According to the United States Census Bureau, the Swink CDP has an area of 0.6 km2, all land.

==Demographics==

Historical population
| Census | Pop. | Note | %± |
| 2020 | 65 |  | — |
U.S. Decennial Census

===2020 census===
As of the 2020 census, Swink had a population of 65. The median age was 40.4 years. 20.0% of residents were under the age of 18 and 10.8% of residents were 65 years of age or older. For every 100 females there were 75.7 males, and for every 100 females age 18 and over there were 79.3 males age 18 and over.

0.0% of residents lived in urban areas, while 100.0% lived in rural areas.

There were 33 households in Swink, of which 33.3% had children under the age of 18 living in them. Of all households, 66.7% were married-couple households, 21.2% were households with a male householder and no spouse or partner present, and 6.1% were households with a female householder and no spouse or partner present. About 12.1% of all households were made up of individuals and 3.0% had someone living alone who was 65 years of age or older.

There were 39 housing units, of which 15.4% were vacant. The homeowner vacancy rate was 0.0% and the rental vacancy rate was 33.3%.

Racial composition as of the 2020 census
| Race | Number | Percent |
|---|---|---|
| White | 47 | 72.3% |
| Black or African American | 0 | 0.0% |
| American Indian and Alaska Native | 8 | 12.3% |
| Asian | 0 | 0.0% |
| Native Hawaiian and Other Pacific Islander | 0 | 0.0% |
| Some other race | 1 | 1.5% |
| Two or more races | 9 | 13.8% |
| Hispanic or Latino (of any race) | 2 | 3.1% |

===2010 census===
As of the 2010 United States census, there were 66 people, 36 households, and 20 families residing in the community.
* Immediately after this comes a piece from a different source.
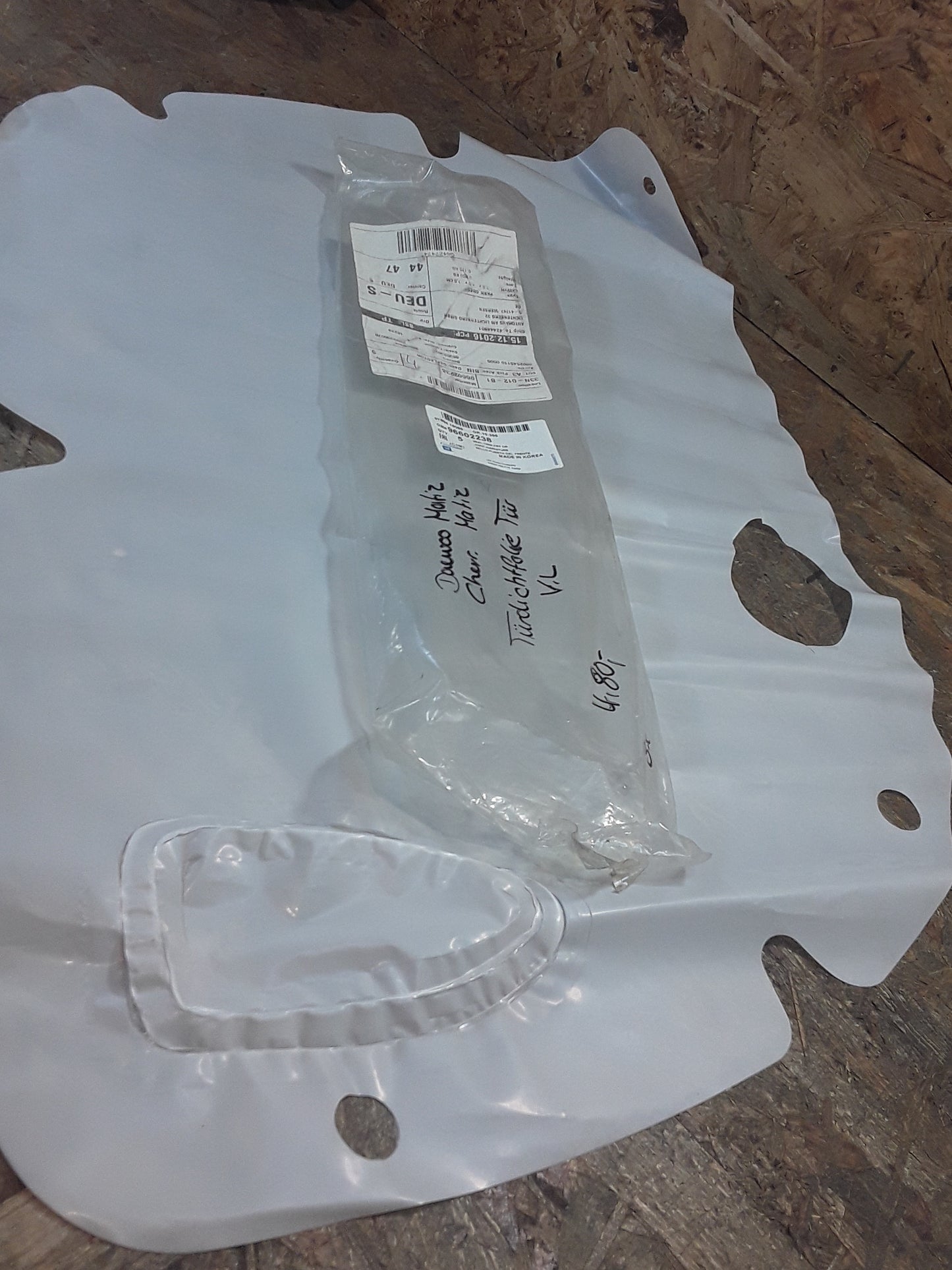 Daewoo Matiz Chevrolet Matiz Türdichtfolie V.L original GM NEU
There were 54 housing units. The racial makeup of the town was 92.4% White, 1.5% Native American, and 6.1% from two or more races. Hispanic or Latino of any race were 1.5% of the population.

There were 36 households, out of which 11.1% had children under the age of 18 living with them, 41.7% were married couples living together, 5.6% had a female householder with no husband present, and 44.4% were non-families. 38.9% of all households were made up of individuals, and 22.3% had someone living alone who was 65 years of age or older. The average household size was 1.83 and the average family size was 2.30.
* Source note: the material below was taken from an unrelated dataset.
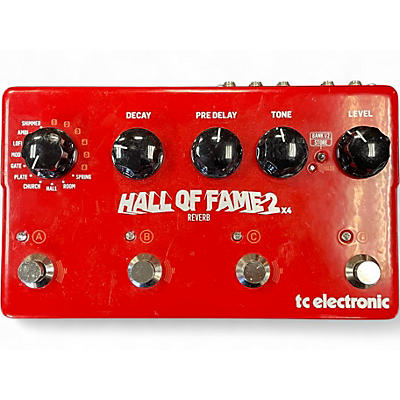 Used TC Electronic HALL OF FAME 2 X4 Effect Pedal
In the town the population was spread out, with 7.6% under the age of 18, 4.5% from 18 to 24, 16.5% from 25 to 44, 31.8% from 45 to 64, and 39.4% who were 65 years of age or older. The median age was 54.5 years. For every 100 females, there were 94.1 males. For every 100 females age 18 and over, there were 96.8 males.
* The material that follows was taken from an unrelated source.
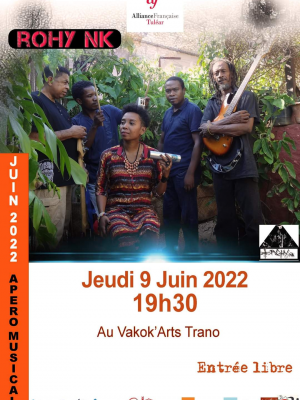 Rohy Nk en Concert - Vakok'Arts Trano Toliary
===2013 American Community Survey===
According to the 2013 American Community Survey, The median income for a household in the town was $21,875, and the median income for a family was $21,042. Males had a median income of $105,313, and there were not enough sample observations to calculate a median income for females. The per capita income for the community was $21,206. There were 17.6% of families and 18.5% of the population living below the poverty line, including 33.3% of those under the age of 18 and 4.8% of those 65 years of age or older.
==Steamboat Heroine==
Near Swink was the discovery of Oklahoma's only steamboat wreck. The steamboat Heroine sank in the Red River on May 7, 1838, after hitting a submerged snag. The Red River changed course in the early 1840s, leaving the Heroine buried in what became a pasture. In the 1990s during a period of flood, the river moved again and Heroine reappeared in a riverbank. In 1999 the Oklahoma Historical Society and the Institute of Nautical Archaeology at Texas A&M University collaborated on a dig of the site. The excavation occurred between 2001 and 2008. Reconstructed segments of the boat and its machinery, along with artifacts from the wreck, are now in the Oklahoma History Center in Oklahoma City.